MONDO REALE. Il 30 maggio 1991 viene registrato l’ultimo video dei Queen con Freddie Mercury ancora in vita: These are the days of our lives, canzone inserita nell’album Innuendo; composta da Roger Taylor e dedicata ai figli, cantata da Freddie in quell’occasione assume tutto un altro significato e quell’”I still love you” – vi voglio bene ancora -, sussurrato come conclusione, suona come un ultimo addio in grado di emozionare ancora dopo molti anni.
MONDO POSITIVO: Sempre al sicuro al Campus dell’università di Bugliano, Freddie alias Zach Nolan sente la canzone “these are the days of our lives” e ricorda quando decenni prima il mitomane aveva cercato di raggiungerlo anche sul set, ma era stato cacciato da una persona che l’aveva chiamato per nome costringendolo a dileguarsi, e che poi si era presa cura di Freddie…

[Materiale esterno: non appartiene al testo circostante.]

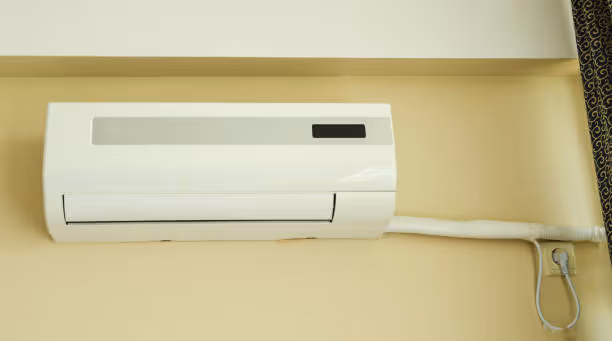 White wall-mounted air conditioning unit with remote control
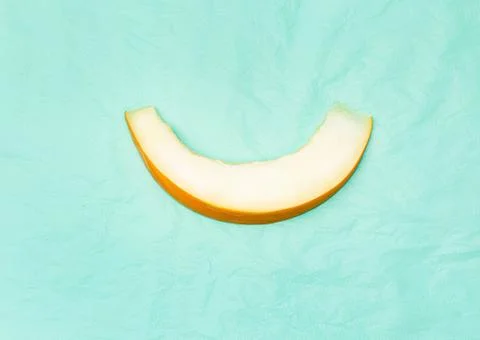 One thin slice of melon on a turquoise background. Foto stock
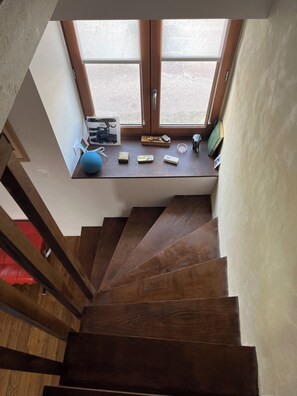 Eine Holztreppe führt zu einer Zwischenebene mit einem Fenster darüber.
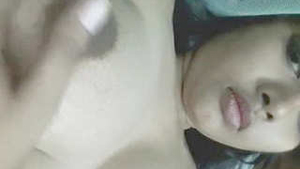 A young woman from India fondles her breasts and vagina with her hands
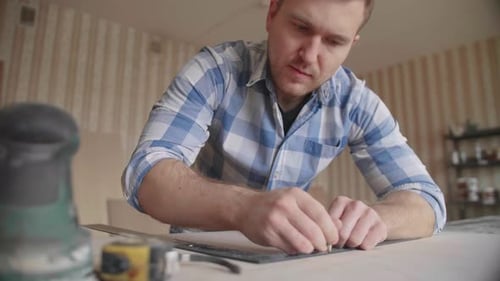 Man Marking Wood with Ruler and Pencil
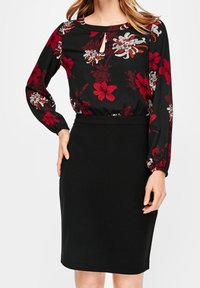 Femme portant une jupe crayon noire et un chemisier noir à manches longues avec un motif floral rouge et blanc et un décolleté en trou de serrure.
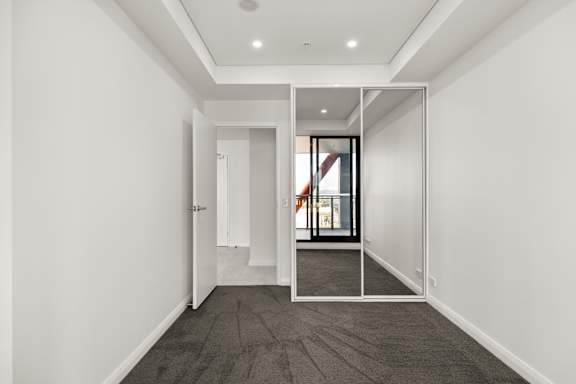 A hallway with a carpeted floor and white walls.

NOTA DEGLI AUTORI: “I still love you” in inglese significa “ti amo ancora” ma “Still I love you” si traduce con “ti amo Still” e sapendo che ad aver creato HIV di Bugliano è stato un certo Raymond Still…
These are the days of our lives
Sono passati molti anni dal giorno in cui, a Montreux, io e i Queen registrammo “These are the days of our lives” e ora lo stesso brano è in onda sul grande televisore appeso al muro in sala break anche se il prof. Benjamin Bruckner vorrebbe proiettare il suo videocorso di scrittura creativa. Calma, prof, mettiti in fila che prima ci sono io!

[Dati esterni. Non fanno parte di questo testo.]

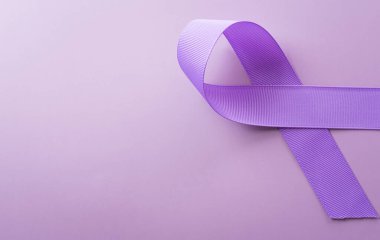Purple ribbon on pastel paper background for supporting World Cancer Day campaign on February 4.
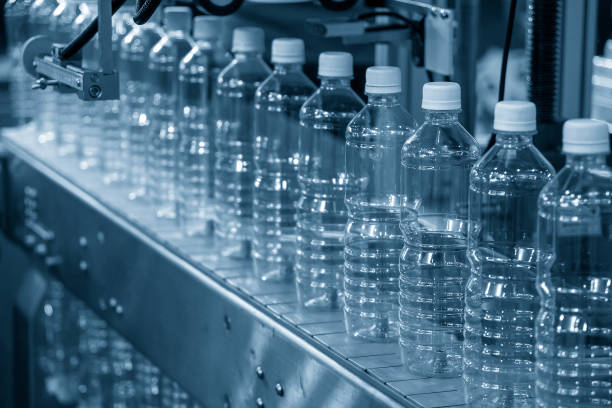 充填工程用コンベヤベルト上の空の飲料水ボトルのクローズアップシーン。 - bottling plant bottle filling production line ストックフォトと画像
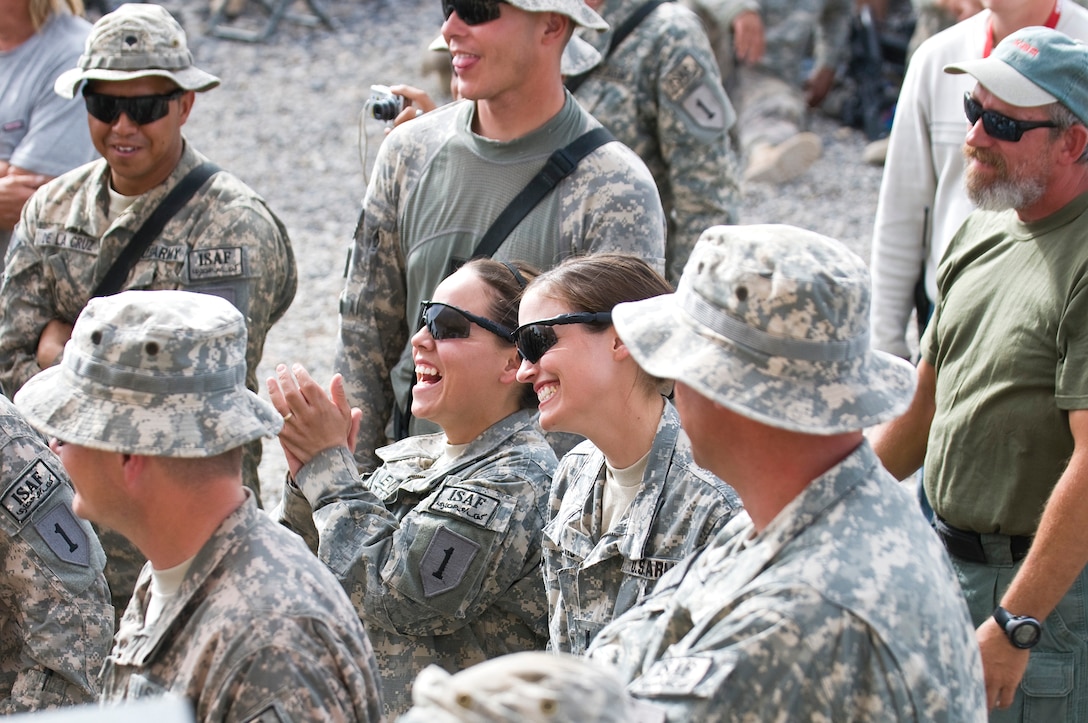 Troops at Combat Outpost Ramrod in Afghanistan watch Toby Keith and his band perform. USO Courtesy photo by Dave Gatley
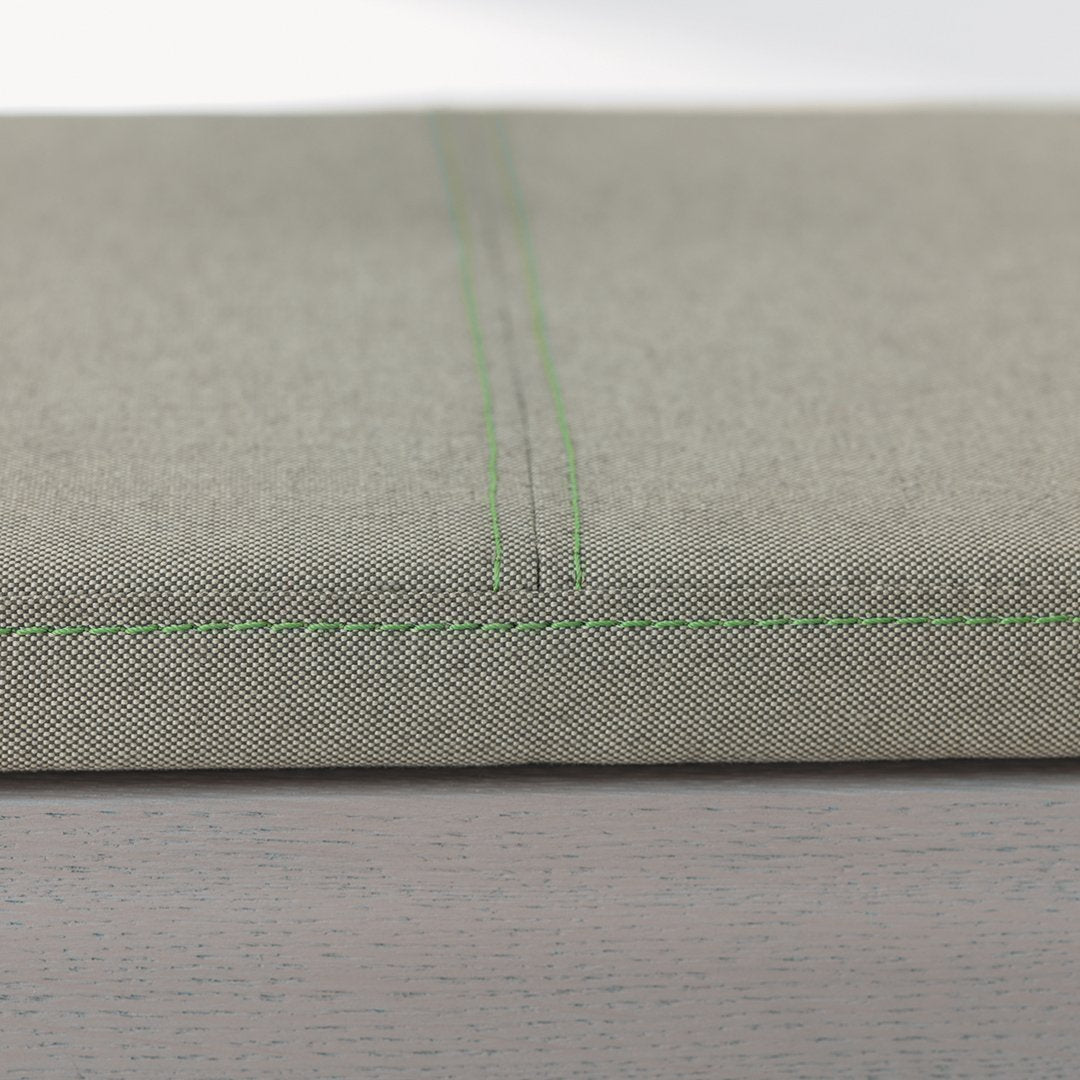 Light gray fabric with subtle texture and contrasting green stitching detail. Ideal for modern home decor.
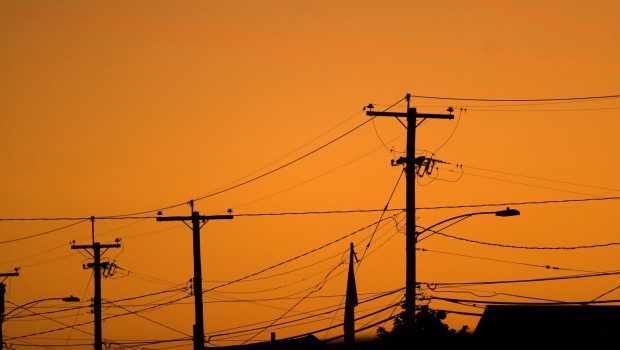 Silhouettes of the power lines and wires in a residential neighborhood backlit by the evening sky.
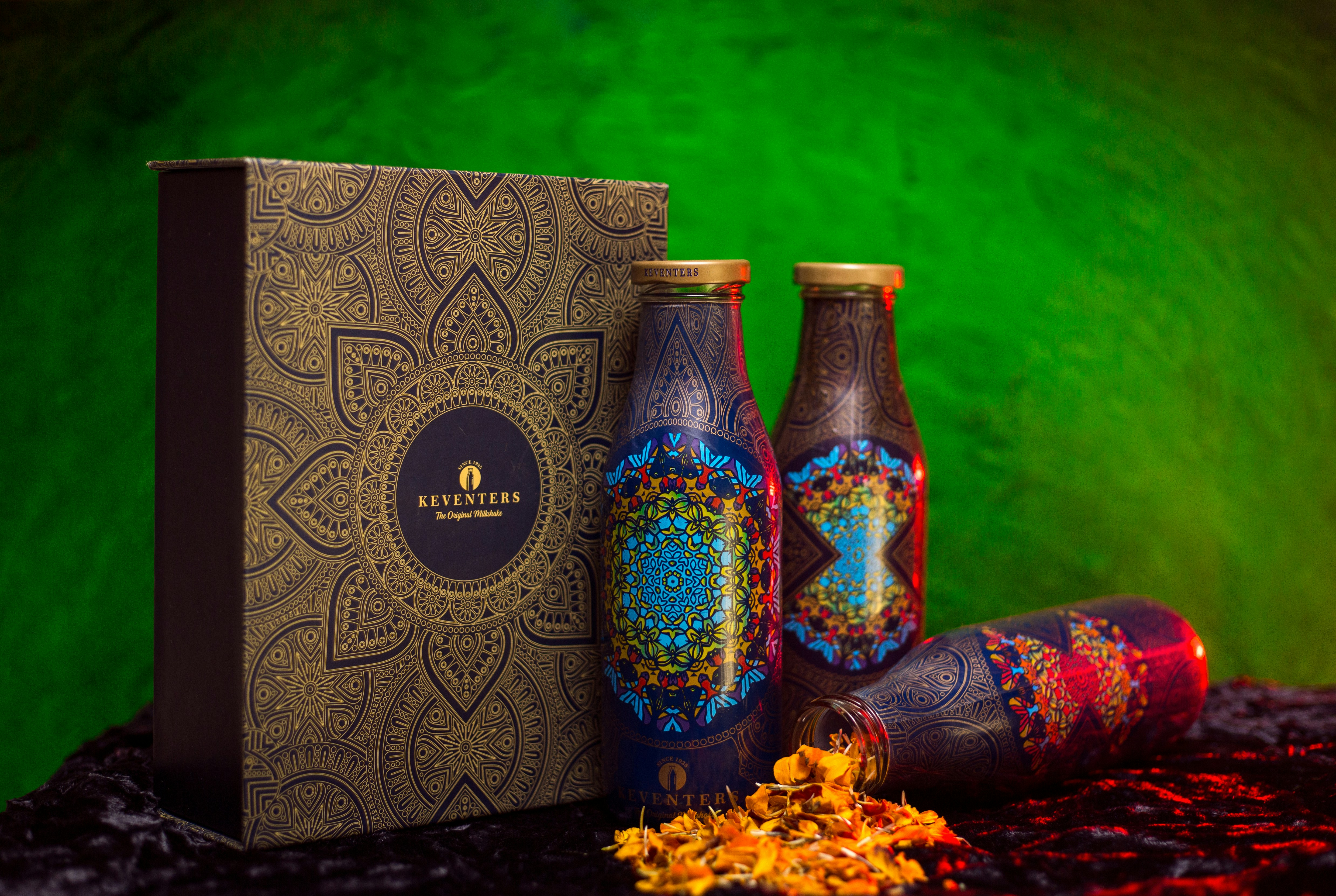 a couple of bottles that are next to a box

Il mio batterista Roger Taylor aveva dedicato quella canzone ai suoi bambini, e io non sapevo che Maria Sole me ne aveva data una; l’incontro di una notte, la luce che mi aveva illuminato per sempre al Magic Tour nel lontano 1986 quando già ero il compagno di Jim Hutton.
Chissà come avrebbe reagito la piccola nell’apprendere di avere un padre gay, o bisessuale, insomma a cui piaceva andare in giro. Quanto avrebbe sofferto vedendomi nelle condizioni in cui stavo nel 1991?

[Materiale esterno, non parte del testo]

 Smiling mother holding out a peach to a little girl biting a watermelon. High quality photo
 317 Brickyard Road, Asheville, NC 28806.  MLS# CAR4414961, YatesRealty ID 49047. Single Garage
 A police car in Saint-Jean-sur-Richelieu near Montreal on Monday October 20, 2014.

Ma la domanda peggiore rimane senza risposta: come posso proteggerla dal misterioso stalker che tutt’ora mi perseguita? Il dissanguatore è vicino, ne sono certo!
Alla fine però ho smesso di crearmi problemi perché ho preferito imparare ad amare Tatiana per quel che è diventata, una meravigliosa ragazza che sa il fatto suo.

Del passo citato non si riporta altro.